'Monster's Ball' proves
love overcomes hatred
By
Jeff Cantwell
Staff Writer
The popular phrase states that blood is thicker
than water, but blood bound by the power of hatred is only as thick
as the illusions that cover it.
"Monster's Ball" is the tale of two people from
different worlds who come together by an unspeakable string of tragedies.
It is a love story about a couple that should have never met in the
first place.
Hank (Billy Bob Thornton) is a corrections officer
at a prison, the place where his father (Peter Boyle) worked, and
where his son, Sonny (Heath Ledger), is getting ready to walk his
first prisoner down death row.
The prisoner is Lawrence Musgrove (Sean "P. Diddy"
Combs), the husband of a struggling debt-ridden waitress, Leticia
(Halle Berry), and father to a candy-hoarding son who is fighting
obesity.
But Hank's family is not one filled with love
and kindness; a running streak of suicide and racism marks his household.

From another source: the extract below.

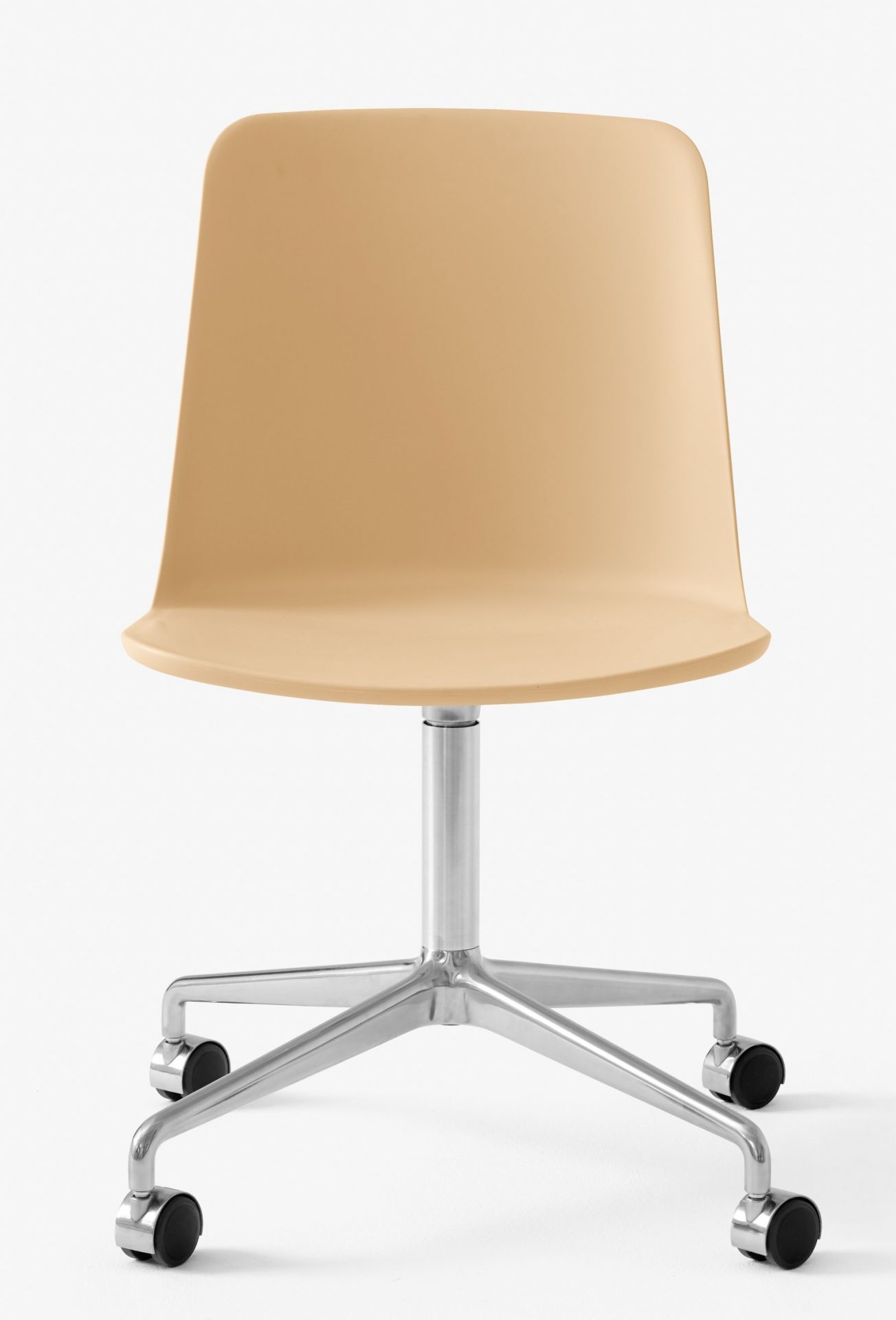 Rely Drehstuhl von AndTradition, HW28, in Beige mit Rollen und silbernem Fußkreuz. Bürostuhl.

But after a series of devastating incidents for both Hank and Leticia,
the two come together in their unlikely romance.
Thornton brings life to the ice cream-loving,
tortured soul of Hank. His story is one of remarkable change from
his solitary, anti-personal view of the world; his sex life consists
of a prostitute that his son also employs but that he will not face
during the act.
But Berry, who received an Oscar nomination for
this role, is the life of "Monster's Ball." Her emotional performance
in a role that requires so much grief and sorrow overshadows the fact
that she is the most beautiful, downtrodden, trashy Southern girl
in existence.
Director Marc Forster, along with writers Milo
Addica and Will Rokos, has created a movie that relies more on cinematic
pandering than intricate dialogue. However, the existing dialogue
bites deep and leaves wounds.
The centerpiece of the film starts with an emotional
talk, both funny and sad, between Hank and Leticia that soon moves
into the lengthy love scene that is the true turning point of Hank's
emotional transformation.
Maybe the worst tragedies can be healed by love;
if nothing else, "Monster's Ball" shows that hatred, no matter how
powerful, can change no matter how thick the blood.